Chemomechanical Origin of Hydrogen Trapping at Grain Boundaries in FCC Metals

TL;DR

This study uncovers the chemomechanical mechanisms behind hydrogen trapping at grain boundaries in FCC metals, providing a formula to predict hydrogen segregation energetics and aiding in designing embrittlement-resistant metals.

Contribution

It introduces a chemomechanical model linking atomic-scale interactions to hydrogen trapping at grain boundaries in FCC metals, advancing understanding and predictive capabilities.

Findings

Identified interstitial sites using polyhedral tessellation.

Established a chemomechanical formula for hydrogen segregation energetics.

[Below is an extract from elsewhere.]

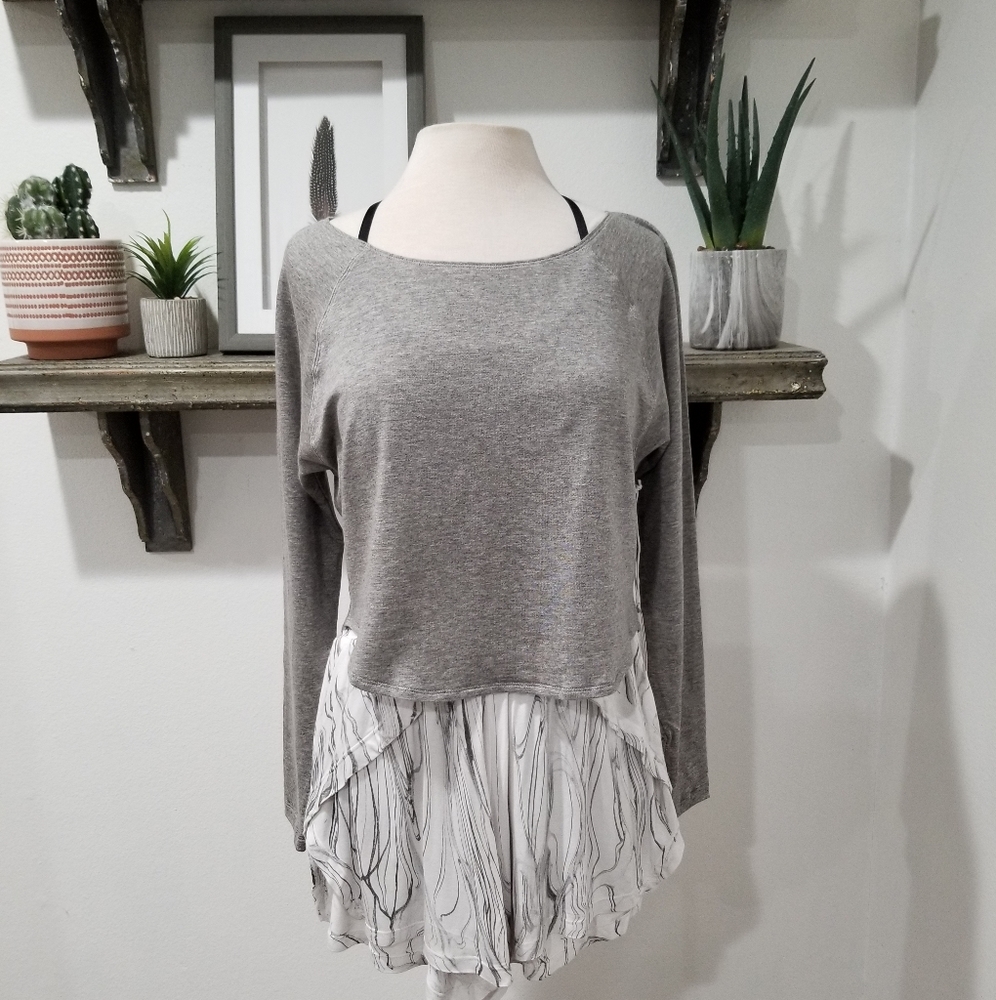 🌴Crop Long Sleeve Top🌴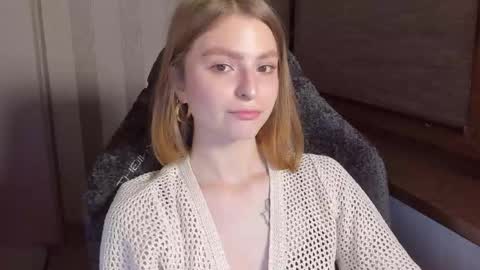 Snapshot of mollydangerous chatting on 11/30/25, 01:26 Taisha online show from 11/30/25, 01:26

Provided explanations for experimental hydrogen trapping observations.

Abstract

Hydrogen embrittlement of metals is widely observed, but its atomistic origins remain little understood and much debated. Combining a unique identification of interstitial sites through polyhedral tessellation and first-principles calculations, we study hydrogen adsorption at grain boundaries in a variety of face-centered cubic metals of Ni, Cu, gamma-Fe and Pd. We discover the chemomechanical origin of variation of adsorption energetics for interstitial hydrogen at grain boundaries. A general chemomechanical formula is established to provide accurate assessments of hydrogen trapping and segregation energetics at grain boundaries, and it also offers direct explanations for certain experimental observations. The present study deepens our mechanistic understanding of the role of grain boundaries in hydrogen embrittlement, and promises a viable path towards predictive microstructure engineering against hydrogen embrittlement in structural metals.